**PROBLEM TO WORK ON**.
Please copy exactly the part of the records below that opens with the line containing "Hojas de laurel" and closes with the line containing "مزایای حفاظ شاخ گوزنی مزایای حفاظ شاخ گوزنی", leaving out any pictures.

**RECORDS TO PROCESS**.
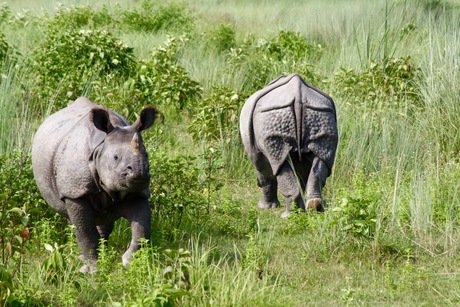 Nepalese Neushoorns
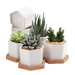 Succulent Plant Pots EFINNY 2.75 inch Mini Succulent Planter Set of 6 White Ceramic Succulent Cactus Planter Pots with Bamboo Tray (Plants NOT Included)
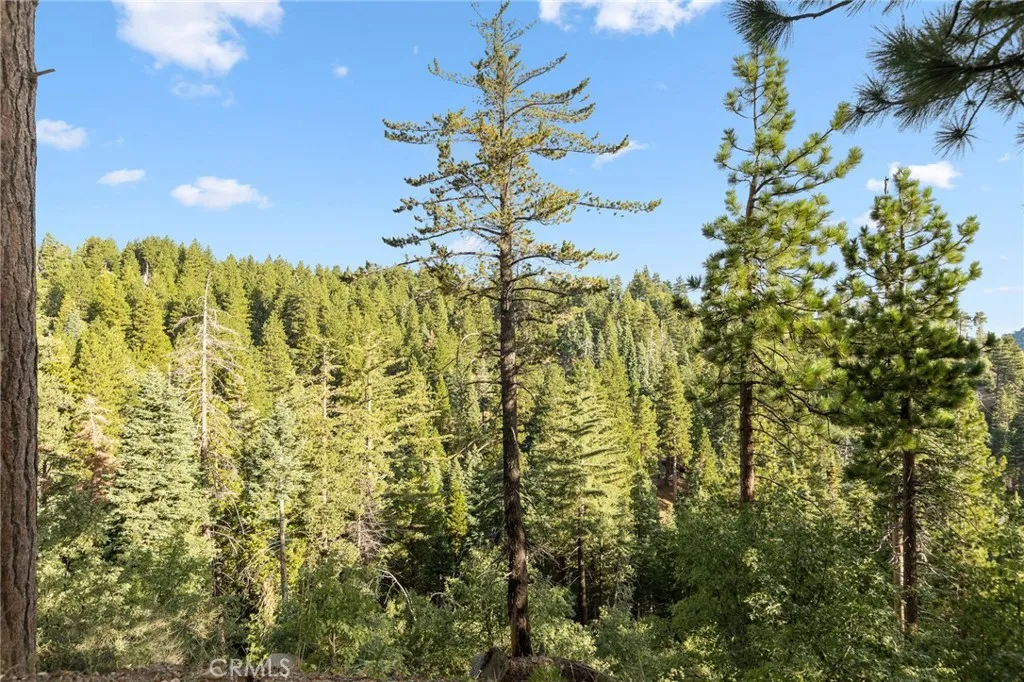 31661 Wagon Wheel, Running Springs, CA, 92382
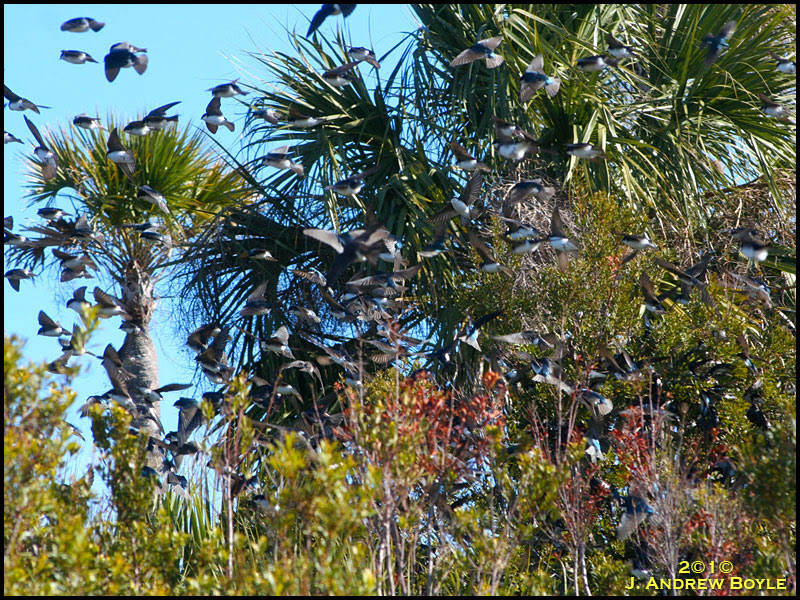 Tree Swallow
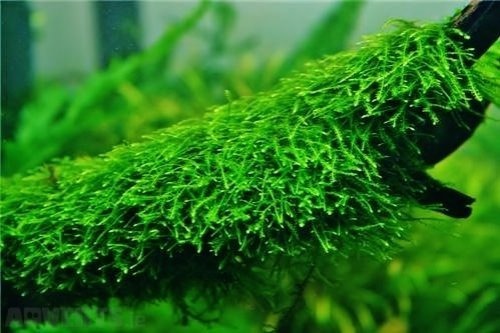 Zdjęcie oferty: Mech Creeping Moss mech pełzający, gęsty akwarium 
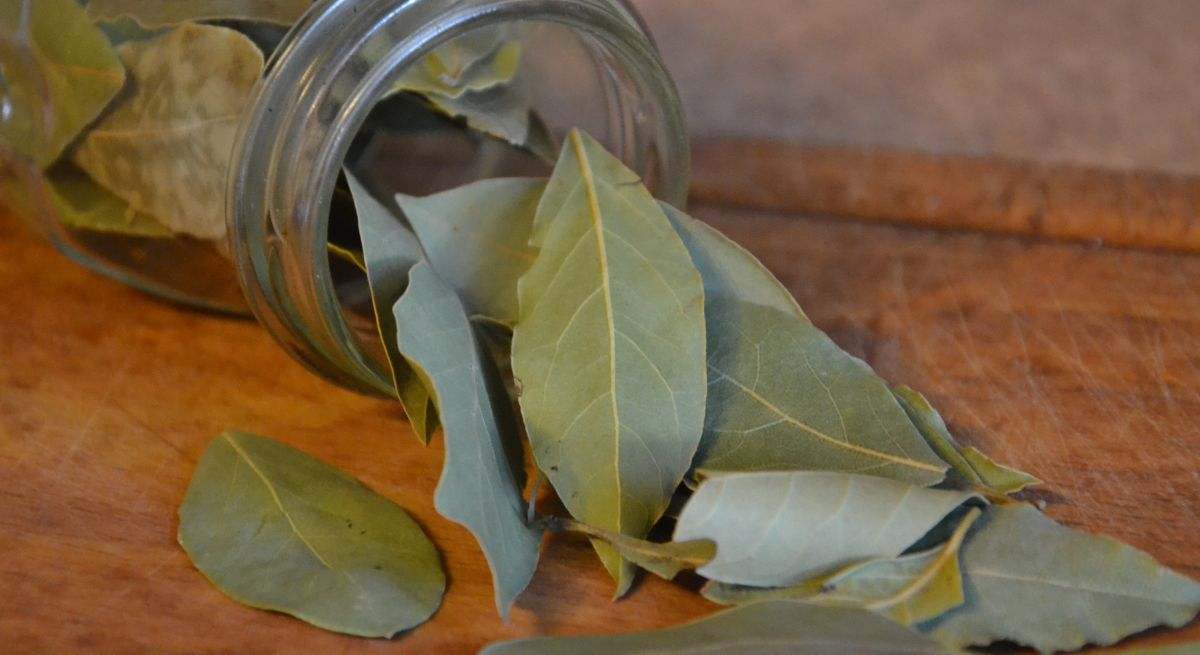 Hojas de laurel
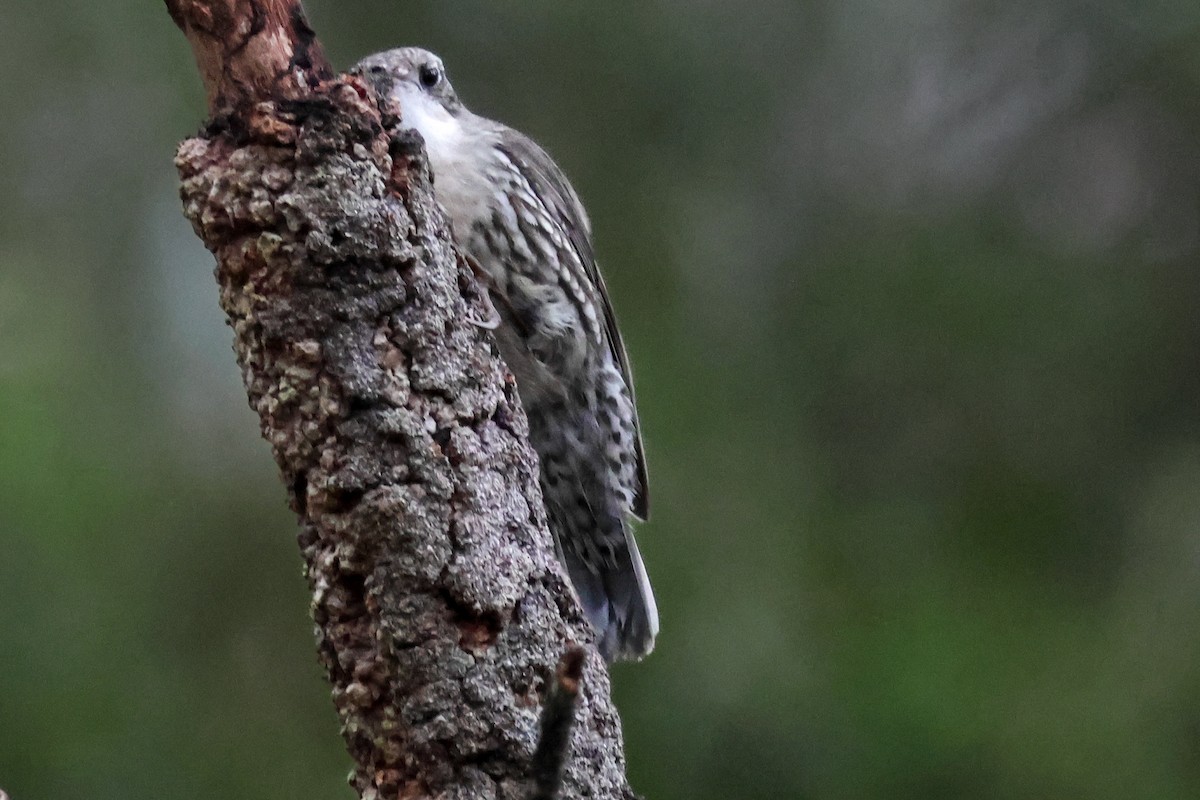 White-throated Treecreeper - ML641644966
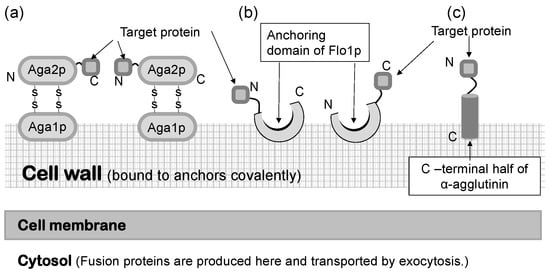 Microorganisms 11 00125 g001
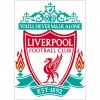 Liverpool  - Full Round Diamond - 30x40cm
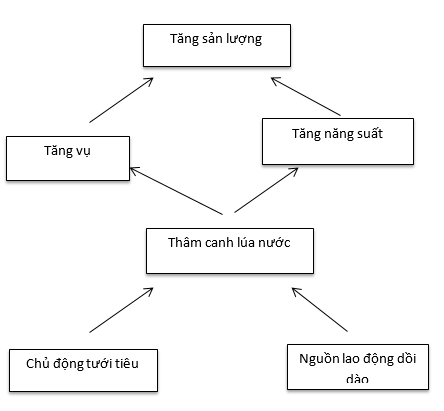 Bài 8: Các hình thức canh tác trong nông nghiệp ở đới nóng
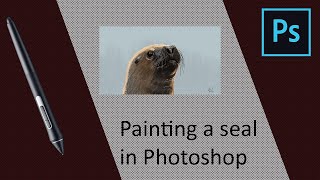 Painting a seal in Photoshop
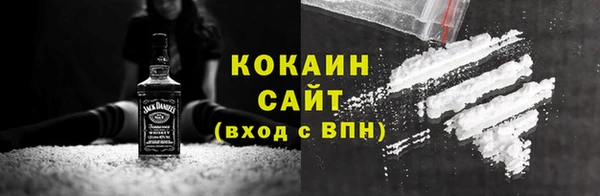 крисы Новозыбков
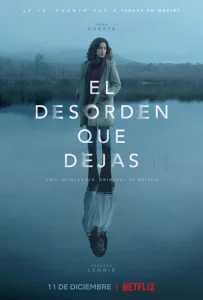 Постер к сериалу  Беспорядок после тебя  1-2 сезон
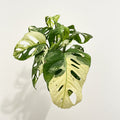 Monstera Adansonii Variegata (Stecklinge)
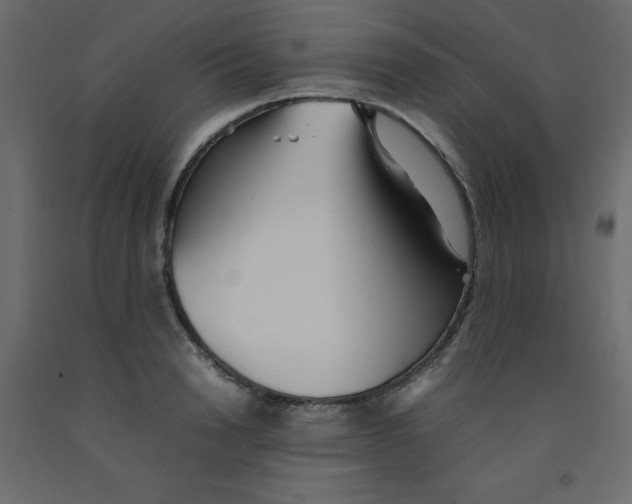 X0000092090846200710101059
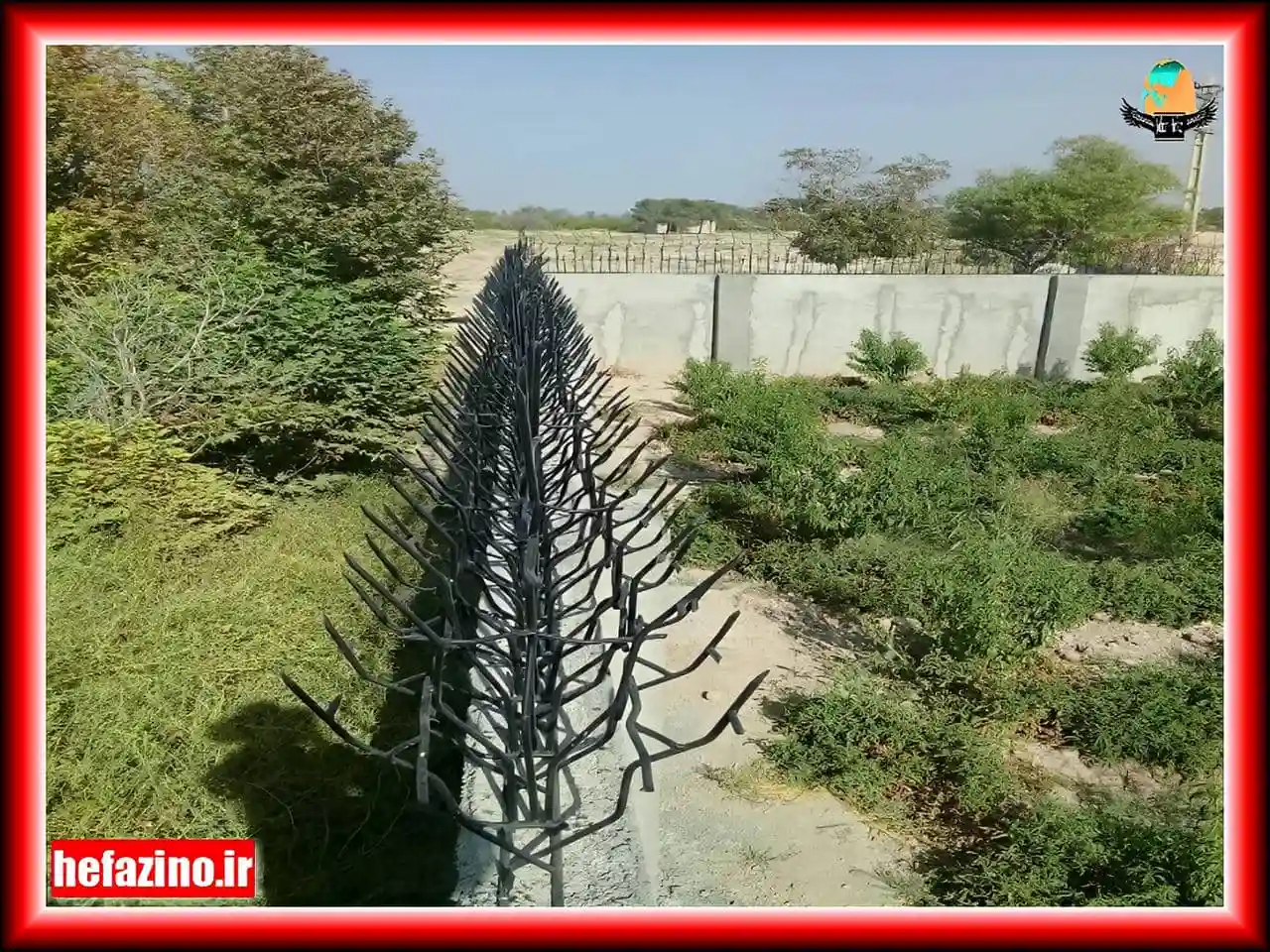 مزایای حفاظ شاخ گوزنی مزایای حفاظ شاخ گوزنی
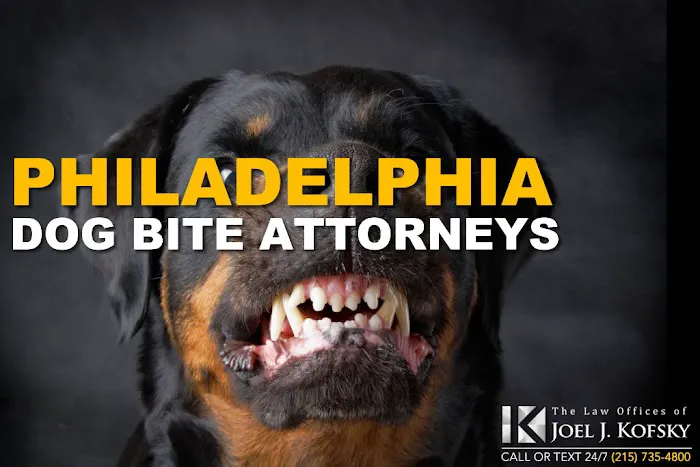 Philly Injury Lawyer - Philadelphia Car Accident Attorneys Picture 6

**COMPLETED EXERCISE**.
 Hojas de laurel
 White-throated Treecreeper - ML641644966
 Microorganisms 11 00125 g001
 Liverpool  - Full Round Diamond - 30x40cm
 Bài 8: Các hình thức canh tác trong nông nghiệp ở đới nóng
 Painting a seal in Photoshop
 крисы Новозыбков
 Постер к сериалу  Беспорядок после тебя  1-2 сезон
 Monstera Adansonii Variegata (Stecklinge)
 X0000092090846200710101059
 مزایای حفاظ شاخ گوزنی مزایای حفاظ شاخ گوزنی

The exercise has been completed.